Здесь начался весьма плодотворный для новой поэзии поиск внутреннего импульса, таящегося в слове. Виктор Гюго, используя опыт многих предшественников, сознательно и успешно вел подобный поиск. В знаменитом пассаже «Contemplations»[12] можно прочесть следующее: слово – живое существо, более могущественное, нежели тот, кто его использует; неожиданно вспыхивая во тьме, творит оно ему самому угодный смысл; оно гораздо таинственней и глубже, чем того ожидают мысль, зрение, чувство; слово – это цвет, ночь, радость, сон, страдание, океан, бесконечность; слово – божественный логос. Необходимо вспомнить это место, равно как ориентировочные высказывания Дидро и решительные мысли Новалиса, если желательно понять идеи Малларме об инициативной энергии языка: разумеется, строгость этих идей далека от восторженного опьянения Виктора Гюго.
Теория гротеска и фрагмента
Очень влиятельной оказалась теория гротеска. Дидро набросал ее в «Племяннике Рамо», Виктор Гюго развил в предисловии к «Кромвелю» (1827) как часть общей теории драмы. Это самое интересное, что было разработано французами в общей романтической идеологии. Корни данной теории можно, вероятно, распознать в соображениях Фридриха Шлегеля касательно иронии и вица, где встречаются следующие понятия: хаос, вечная подвижность, фрагментарность, трансцендентальная буффонада. Однако многие подробности сугубо оригинального свойства объяснимы только интуицией двадцатипятилетнего Гюго, которого трудно заподозрить в предварительном и детальном обдумывании проблемы. Эти подробности проявились как симптомы новой эстетики.

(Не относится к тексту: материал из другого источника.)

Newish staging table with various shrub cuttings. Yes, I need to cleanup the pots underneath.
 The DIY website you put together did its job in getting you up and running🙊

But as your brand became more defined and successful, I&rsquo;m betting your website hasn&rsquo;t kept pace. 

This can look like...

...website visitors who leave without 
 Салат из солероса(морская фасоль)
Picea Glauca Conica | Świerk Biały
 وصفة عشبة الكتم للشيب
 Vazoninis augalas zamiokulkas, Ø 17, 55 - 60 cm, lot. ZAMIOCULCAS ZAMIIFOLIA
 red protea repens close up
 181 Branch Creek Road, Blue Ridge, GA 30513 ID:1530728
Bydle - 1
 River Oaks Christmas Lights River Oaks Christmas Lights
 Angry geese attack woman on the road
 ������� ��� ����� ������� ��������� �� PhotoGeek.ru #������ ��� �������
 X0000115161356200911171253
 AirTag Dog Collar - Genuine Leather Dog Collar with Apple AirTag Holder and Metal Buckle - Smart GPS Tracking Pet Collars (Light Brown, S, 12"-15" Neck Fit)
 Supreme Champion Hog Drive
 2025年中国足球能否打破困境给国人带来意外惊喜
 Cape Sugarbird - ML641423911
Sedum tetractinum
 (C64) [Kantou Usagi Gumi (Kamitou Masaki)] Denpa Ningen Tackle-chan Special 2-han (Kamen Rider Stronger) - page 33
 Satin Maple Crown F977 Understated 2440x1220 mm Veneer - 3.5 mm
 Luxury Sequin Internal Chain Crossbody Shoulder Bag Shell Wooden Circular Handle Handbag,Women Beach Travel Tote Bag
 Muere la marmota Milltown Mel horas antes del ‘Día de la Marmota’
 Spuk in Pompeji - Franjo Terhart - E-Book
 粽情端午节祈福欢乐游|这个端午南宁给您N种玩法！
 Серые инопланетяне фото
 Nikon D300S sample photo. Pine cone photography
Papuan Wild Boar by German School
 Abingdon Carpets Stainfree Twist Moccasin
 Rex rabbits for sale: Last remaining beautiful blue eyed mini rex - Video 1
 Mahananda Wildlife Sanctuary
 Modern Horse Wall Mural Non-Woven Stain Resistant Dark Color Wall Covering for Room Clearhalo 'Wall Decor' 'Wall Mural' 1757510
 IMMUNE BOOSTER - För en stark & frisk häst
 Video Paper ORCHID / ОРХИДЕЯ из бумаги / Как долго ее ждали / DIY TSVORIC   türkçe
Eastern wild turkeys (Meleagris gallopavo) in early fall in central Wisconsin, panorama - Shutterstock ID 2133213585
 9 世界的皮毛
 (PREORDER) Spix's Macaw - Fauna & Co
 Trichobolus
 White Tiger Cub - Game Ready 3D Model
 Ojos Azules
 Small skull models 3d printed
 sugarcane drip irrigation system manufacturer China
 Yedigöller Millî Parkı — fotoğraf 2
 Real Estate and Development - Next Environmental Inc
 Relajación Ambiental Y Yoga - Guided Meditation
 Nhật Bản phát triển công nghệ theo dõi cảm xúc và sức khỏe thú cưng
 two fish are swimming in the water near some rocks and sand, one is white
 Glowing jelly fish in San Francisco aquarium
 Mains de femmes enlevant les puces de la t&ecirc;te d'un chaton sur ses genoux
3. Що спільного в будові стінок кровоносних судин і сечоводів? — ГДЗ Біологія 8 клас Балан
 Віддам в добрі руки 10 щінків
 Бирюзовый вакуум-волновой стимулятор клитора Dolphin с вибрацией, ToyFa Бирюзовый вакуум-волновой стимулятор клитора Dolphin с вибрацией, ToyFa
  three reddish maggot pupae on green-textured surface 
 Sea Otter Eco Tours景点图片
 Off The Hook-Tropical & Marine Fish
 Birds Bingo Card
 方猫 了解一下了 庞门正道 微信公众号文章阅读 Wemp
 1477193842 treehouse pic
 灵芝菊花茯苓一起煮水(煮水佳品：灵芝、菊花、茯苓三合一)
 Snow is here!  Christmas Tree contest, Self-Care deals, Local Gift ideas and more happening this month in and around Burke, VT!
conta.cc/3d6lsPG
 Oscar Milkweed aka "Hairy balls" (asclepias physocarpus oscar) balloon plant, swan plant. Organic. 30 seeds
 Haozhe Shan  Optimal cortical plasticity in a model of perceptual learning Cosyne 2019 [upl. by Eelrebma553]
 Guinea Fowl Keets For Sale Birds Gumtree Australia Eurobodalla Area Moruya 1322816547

Слово «гротеск» когда-то обозначало в живописи орнамент, выдержанный в духе аллегории или сказки. В XVII веке понимание расширилось, и «гротеском» стали называть вообще что-либо странное, бурлескное, искаженное, крайне специфическое. Приблизительно так, и сходно со Шлегелем, понимает гротеск Виктор Гюго. Однако в его теории гротеска сделана энергичная попытка эстетически уравновесить прекрасное и безобразное. Это последнее, дисквалифицированное, допустимое только в низших литературных жанрах, разрешенное лишь на периферии изобразительного искусства, поднялось до метафизической выразительности. Для Гюго мир принципиально расколот на противоположности и только в силу такой расколотости способен существовать как высшее единство. Это часто высказывалось раньше, это античная мысль. Но Гюго по-новому акцентирует роль безобразного. Отныне это не противоположность прекрасного, а самостоятельная ценность. В произведении искусства проявляется безобразное как гротеск, как набросок несовершенного и расстроенного. Но несовершенство есть «законное средство достижения гармонии». Видно, как в подобной «гармонии» проступает дисгармония, а именно дисгармония фрагмента. Гротеск должен избавить нас от красоты и своим «хриплым голосом» устранить ее монотонность. Он отражает диссонанс между анимальными и высшими уровнями человека. Поскольку любая проявленность распадается на фрагменты, мы приходим к выводу, что «великое целое» нам вообще дано как часть или фрагмент – «целое» не согласуется с человеком и несовместимо с ним. Какое целое? Знаменательным образом ответ отсутствует, в лучшем случае до крайности запутан. Предположительно, Гюго мыслит в христианском направлении: тогда это целое – стерильная трансцендентность. Только ее осколки, гротескно искаженные, чувствует Гюго, но этот гротеск не вызывает хохота. Смех подобного гротеска смягчает судорогу или нервную дрожь, превращается в гримасу, провоцирует возбуждение и беспокойство, которых современная душа взыскует более, нежели умиротворения.